Editorials

Stop the madness

One-man rule in the country’s pandemic response is proving to be a patent disaster, and it is past time that the Parliament of The Bahamas recognize and live up to its role in our Westminster democracy, and restore sanity to the governance of our country.

Cries of anguish, ire-laced protests and match-striking at the stem of longstanding social powder kegs within New Providence’s inner-city, filled streets as a consequence of the incredible precipitousness of the competent authority, Prime Minister Dr. Hubert Minnis, who ordered an immediate one-week lockdown, closing food stores, water depots, private pharmacies and gas stations.

That Minnis did not recognize the closure of these essential services without prior notice would result in residents being unable to secure sufficient drinking water, food, medications and other provisions for themselves and their families, is inconceivable.

It is equally unthinkable that the prime minister would believe tens of thousands of Bahamians and residents who have been unemployed since at least March, would have the resources necessary to adequately prepare for such a move.

Further exacerbating this dilemma, was that his announcement would have prevented pensioners and unemployment beneficiaries of the National Insurance Board (NIB) from being able to collect their disbursements this week.

The abruptness of Minnis’ proclamation was reckless, and had the potential of causing an even greater threat to the health and safety of thousands on New Providence during a lockdown, than would COVID-19.

Conduct unbecoming would be the reasonable verdict for an officer who leads his or her people into a most hazardous stage of battle, with promised bulwarks unfit from the outset.

Minnis advised that those needing to leave their homes during the lockdown were to phone the Royal Bahamas Police Force at 311 for approval, but scores of frustrated residents soon echoed complaints levied since March, of being unable to get their calls answered.

Those in need of food were told that registrants of the National Food Distribution Task Force program would receive parcels, but on the heels of receiving thousands of new registrants due to the lockdown announcement, the program’s chairman advised reporters that the system was “never designed to be an on-demand food assistance program”.

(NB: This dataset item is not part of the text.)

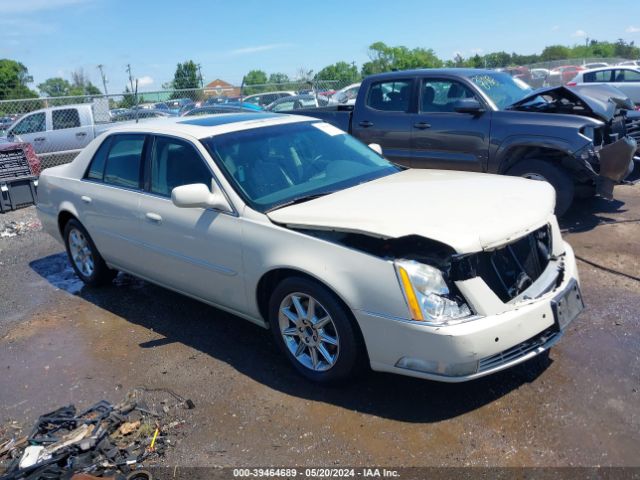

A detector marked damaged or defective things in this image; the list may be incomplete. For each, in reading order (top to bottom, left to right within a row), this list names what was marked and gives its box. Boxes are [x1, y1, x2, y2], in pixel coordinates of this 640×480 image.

Public outrage, tipping-point dissent and appeals by private sector entities had an anticipated effect of a reversal of Monday night’s announcement for New Providence.

Nevertheless, the Office of the Prime Minister advised in announcing a reversal, that the reason was due to advice by the Department of Meteorology regarding a weather system which might impact The Bahamas by Sunday.

Notably, there was no concurrent announcement about lockdown amendments for the rest of the country to enable all islands to prepare for a potential storm threat.

As of yesterday, a low pressure system located 1,300 miles east of the Lesser Antilles, was said by the US National Hurricane Center (NHC) to have a 90 percent chance of development into a tropical depression over the next several days.

The NHC’s initial public advisory on the system came six hours before the airing of Minnis’ national address, a noteworthy sidebar that speaks to the larger problem of how the prime minister has governed under the state of emergency.

We understand the decision to immediately lock down New Providence was taken without Cabinet consultation.

Days prior to Minnis’ announcement, Tourism Minister Dionisio D’Aguilar branded as “absolutely no sense” a full shut down, stating that “people have to eat”, and most remarkably, National Security Minister Marvin Dames said he planned to “write a letter” to the prime minister about his constituents’ most vital lockdown needs.

The framers of our constitution vested the authority of governance in the Cabinet rather than in the prime minister.

And contrary to popular belief, the prime minister is not the lord of the Cabinet or Cabinet ministers, but is the first among equals, whose policy declarations ought to be the outcome of collective decision-making.

It is the confidence of the majority of parliamentarians that enables a prime minister to be appointed, and it is public confidence that enables the government he or she leads to have a viable chance of successful stewardship.

The state of irrationality mushrooming over the last five months is eroding lasting vestiges of public confidence, and has rolled back the curtain on a Cabinet seemingly unwilling to hold the prime minister – the first among equals – accountable for actions that have damaged the pandemic fight, the country’s brand and critical relations with the citizenry.

Those elected to govern this country must move to stop the madness.